Glaser, a professor of chemistry who has been at Mizzou for 25 years, teaches a Writing Intensive chemistry seminar to upper-division undergraduate students.
He will soon add “author” to his lengthy list of accomplishments. As the recipient of the Faculty Development Award from the Campus Writing Program, Glaser is being funded to publish a textbook on scientific writing.
“As you think about how to write scientific papers, you actually get much better at it,” Glaser says.
The process of regurgitating knowledge into a textbook in a manner students will accept and understand has taught Glaser the importance of writing in chemistry and science. Docendo discimus.
“I think the biggest problem with graduate school is graduate students are ill-prepared when it comes to writing,” he says. “What we have traditionally not valued enough in our curriculum is educating them on scientific writing.”
The textbook is structured around assignments, peer review and background material to aid the completion of the assignments.
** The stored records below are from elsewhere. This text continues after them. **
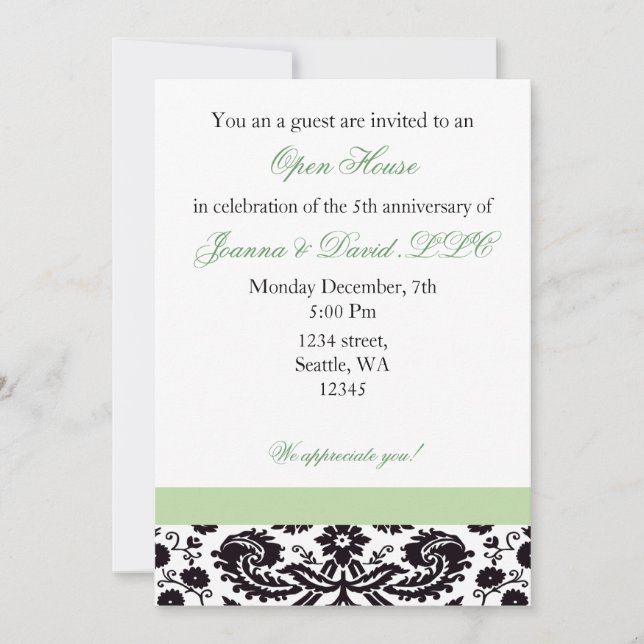 Elegant green Corporate party Invitation (Front)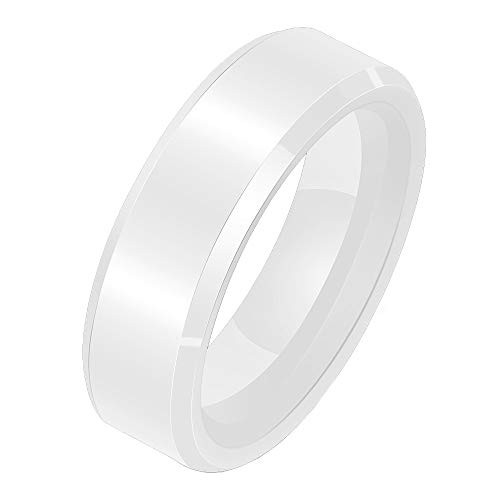 HIJONES Herren Damen Einfach Abschrägung Hochglanzpoliert Hochzeit Keramik Ring Weiß Größe 62 von HIJONES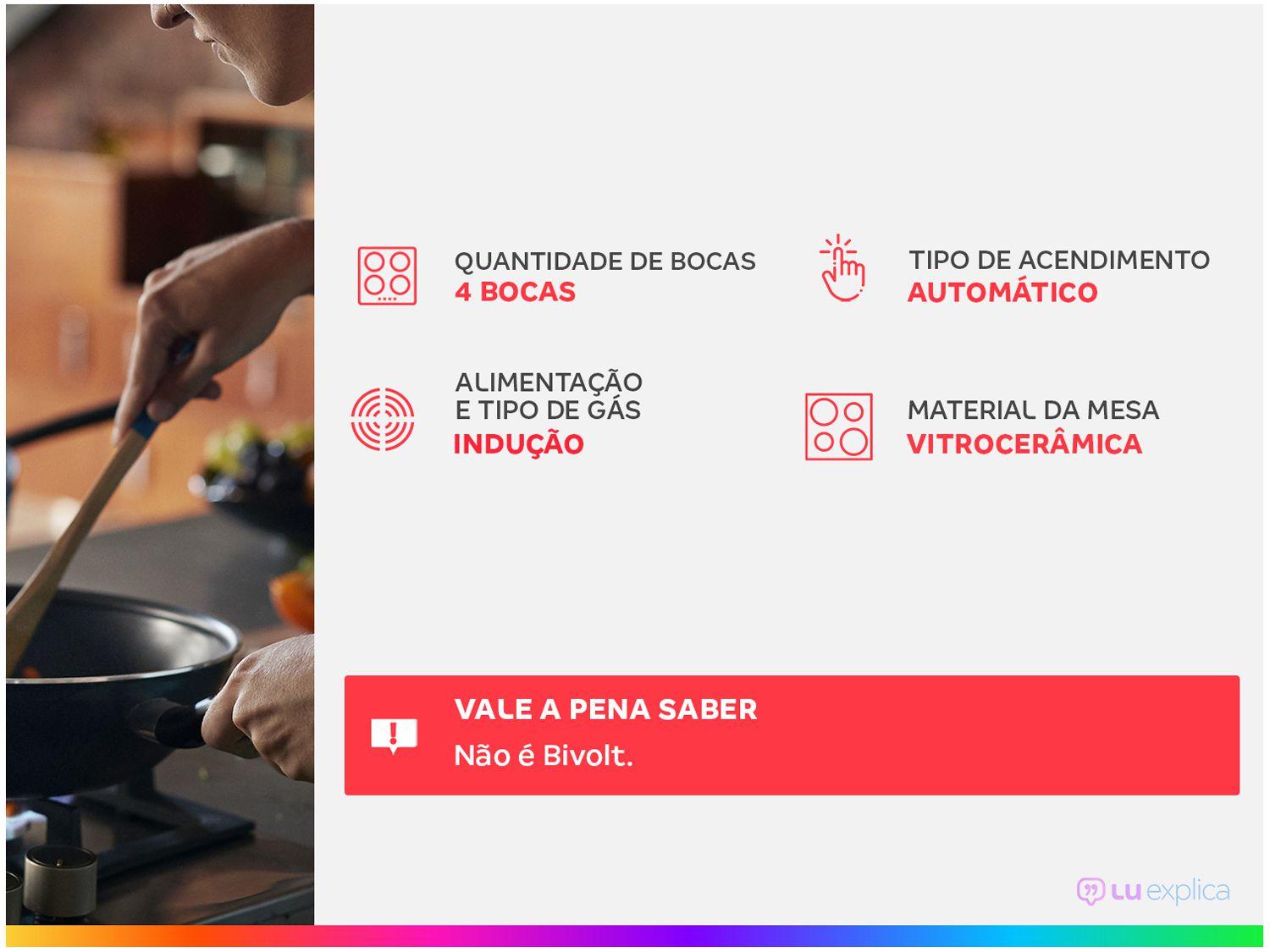 Cooktop 4 Bocas Indução Brastemp Vitrocerâmico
“At the beginning it’s very frustrating,” Glaser says. “This is not a judgment about people’s talents; I found it very hard when I started to write. What you need to do is create an atmosphere where the students are seeing that it is useful.”
Glaser’s approach to scientific writing is built on the significance of peer review and scaffolding—starting small and building up on each area.
“You have to create an environment where you teach the students to learn small parts that are not overwhelming, and then you build it up,” he says. “Like everything else in life.”
When Glaser started teaching this course at Mizzou, he found that most textbooks catered to professional writers and had too much detail for beginning writers.
Glaser stood firm in his belief that there must be a better way to teach chemistry students how to write. He began taking his own notes from textbooks and created a course that he believed would satisfy his philosophy.
His personalized course starts with small, simple assignments and gradually builds up to more complex writing styles. Students complete their assignments and use peer review as a way to improve.
The peer review technique is imperative to students’ learning, challenging their thoughts and improving their overall writing.
Since the creation of this course Glaser has found that his students are satisfied with their work. They recognize what they are learning is useful and is a skill that will improve their chemistry education.
“I wish I would have had something like this for myself,” he says. “My professor at Berkeley expected me to know how to write. There was no instruction.”
The words Docendo Discimus are displayed proudly on a shelf in Glaser’s office—an everyday reminder of what it means to be both a scientist and an educator.